Non seulement ce municipalisme libertaire, aux contours flous mais dont la seule clarté consiste à se placer sur le terrain électoral (même si Bookchin ne le clame pas trop pour des raisons évidentes de crédibilité au sein du mouvement libertaire), va servir de marchepied aux apprentis politiciens désireux de se faire les dents – comme nous en connaissons toujours au sein du mouvement anarchiste [2] -, mais aussi, et surtout, il n’est en rien porteur d’une alternative révolutionnaire, comme l’a parfaitement montré l’exemple du mouvement écologiste allemand.

En fin de compte, l’approche de Bookchin, au-delà de ses réflexions stimulantes, a le grand défaut, malgré les apparences, de se présenter en dehors de l’histoire, d’être ahistorique. Les faits sont rarement replacés dans une perspective globale, très peu reliés les uns aux autres, pratiquement pas rattachés au contexte économique, social et culturel. Rien n’est vraiment dit sur les structures ou les tendances lourdes. Tout est finalement beaucoup trop idéalisé, dans le sens où ce serait l’idée, la philosophie que cultive Bookchin avec passion, qui mènerait le monde. Vieille chimère d’une fraction de l’intelligentsia bourgeoise, que semble d’ailleurs soutenir Daniel Colson, même si ses travaux concrets sur le mouvement ouvrier stéphanois l’amènent à prendre positivement en compte les réalités sociales. Le pur débat d’idées n’est pas le seul moteur de l’histoire ! Marianne Enckell explique judicieusement l’orientation de Bookchin par son insertion dans la culture américaine, mais il ne faudrait pas que ce constat soit entériné purement et simplement et que, sous prétexte de culturalisme ou de diversité, la dimension globale et universaliste de l’anarchisme soit renié.

N’oublions pas, enfin, qu’avec l’organisation anarcho-syndicaliste ou syndicaliste révolutionnaire, il existe également l’organisation anarchiste dite spécifique, qui a toujours évolué en rapport, même conflictuel, avec l’anarcho-syndicalisme, et qui ne se contente pas, comme le prétend Daniel Colson à propos de la FA francophone, de se découper stupidement en « variantes kropotkinienne, syndicaliste, proudhonienne » (p. 43) car les réalités ont quand même beaucoup évolué depuis la Synthèse de Sébastien Faure !
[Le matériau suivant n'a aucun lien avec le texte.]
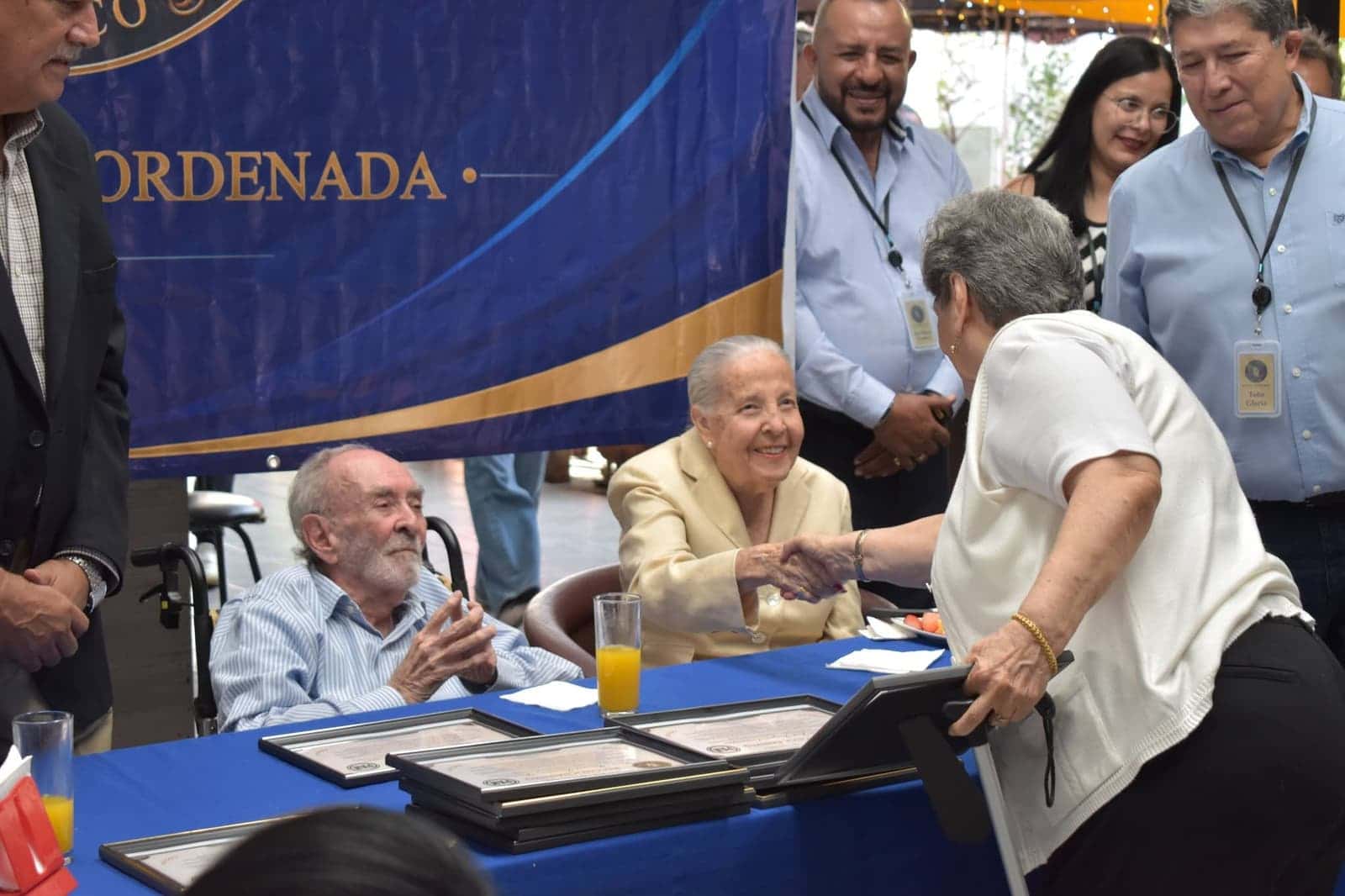 Reconocimiento a la lucha permanente — foto 18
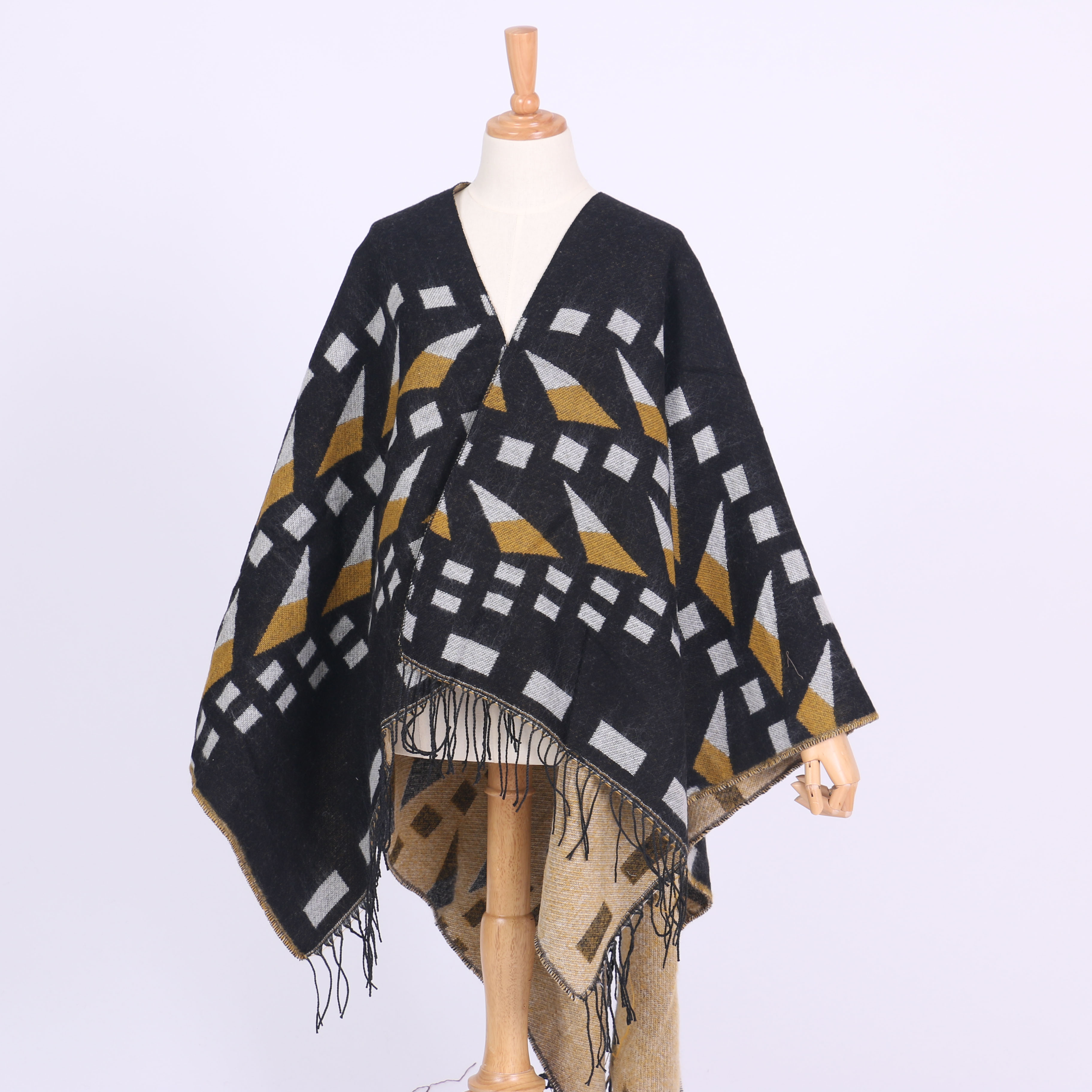 Muffler shawls and spring cape fur coat with long dresses.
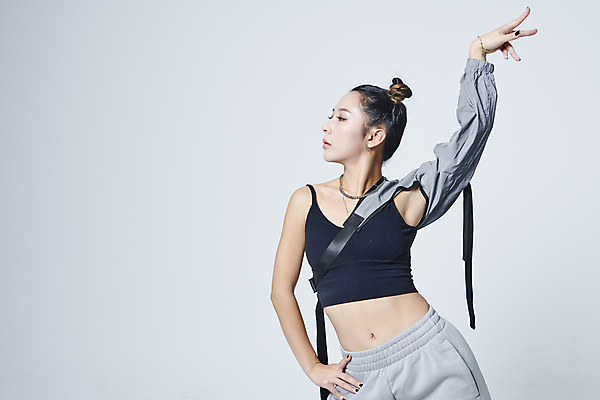 포토 JPG 스튜디오촬영 응시 여자 포즈 회색배경 실내 힙합 한명 손짓 상반신 20대 성인 앞모습 손들기 댄서 한국인 춤 성인여자한명만 힙스터 스트릿댄스 스트리트패션 국내포토 직업 1 시선 패션 음악 뷰포인트 백그라운드 모션 문화예술 사람 동양인 청년 내부 회색 여자한명만 성인여자만 파일형식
Le matérialisme et la lutte de classes restent plus que jamais fondamentaux, et d’actualité. La réponse qu’apporte Jacky Toublet à Murray Boochin est à cet égard tout à fait exemplaire. C’est un modèle de concision, de clarté et de pugnacité qui met excellement les choses au point. Heureusement que Toublet nous rappelle l’incontournable position de Malatesta, que Bookchin se contente de citer imparfaitement en seconde main (d’après Woodcock, p. 17) et que Colson semble complètement ignorer – il est vrai que le sens organisationnel – anarchiste – de Malatesta rend malade tous les spontanéistes de la terre ! Bref, le texte de Jacky Toublet mérite d’être reproduit et diffusé à tous les niveaux comme outil de réflexion ou de formation militante, au même titre d’ailleurs que l’ensemble du livre qui ne peut que favoriser la discussion. Les ACL veulent une suite, à vos plumes !

Philippe PELLETIER

Notes

1- Depuis quelque temps, Daniel Colson s’efforce d’établir une filiation entre l’anarchisme et les philosophies de Spinoza, Nietzsche, Bergson, Deleuze et Foucault. Contentons-nous ici de restaurer quelques faits : Bakounine critiqua Spinoza, de même que Descartes, Kant, Hegel, etc., pour leur incapacité à dépasser la question de l’être divin ; Kropotkine et Malatesta ne furent guère tendres avec Nietzsche qui n’attira que quelques individualistes en mal d’ego dont certains, comme Victor Serge, finirent dans les bras du bolchevisme ou d’autres, comme Massimo Rocca (= Libero Tancredi), dans ceux du fascisme. Kropotkine : « Je veux détruire l’idole qu’adore Nettlau (…) en montrant par le détail comment Nietzsche est brillant, puissant dans sa critique de la morale bourgeoise, en particulier de la charité chrétienne, et comment il est misérable, lorsqu’il commence à dépeindre l’individu fort » in Lettre à Tcherkessof du 4 octobre 1902 ; « … le nietzschéanisme est un des spurious individualismes. C’est l’individualisme du bourgeois qui ne peut exister que sous la condition d’oppression pour les masses (…) et qui n’est pas autre chose que le chacun pour soi et Dieu pour tous du bourgeois, qui crut y trouver le moyen de s’affranchir de la société » in Lettre à Nettlau du 15 mars 1902. Malatesta : « Parfois, quand ils ont des lettres, ils se considèrent comme des surhommes. Ils ne s’embarrassent pas de scrupules, ils veulent « vivre leur vie » ; ils se moquent bien de la révolution et de toute aspiration future (…) ceux-là sont des rebelles, mais ce ne sont pas des anarchistes. Ils ont la mentalité et les sentiments du bourgeois frustré et, quand ils le peuvent, ils deviennent en fait des bourgeois, et pas des moins dangereux » (in Volontà, 15 juin 1913). Quant à Rudolph Rocker, il ne manqua pas de souligner chez Nietzsche « l’oscillation constante entre des concepts autoritaires encore vivants et des idées véritablement libertaires » (in Nationalisme et culture) ; enfin, l’anarchiste et anarcho-syndicaliste Ôsugi Sakae qui traduisit Bergson en japonais appréciait Bergson et préférait voir l’influence que le philosophe avait exercé sur Sorel mais il se montrait très critique envers ce dernier (vol. VI des OEuvres complètes).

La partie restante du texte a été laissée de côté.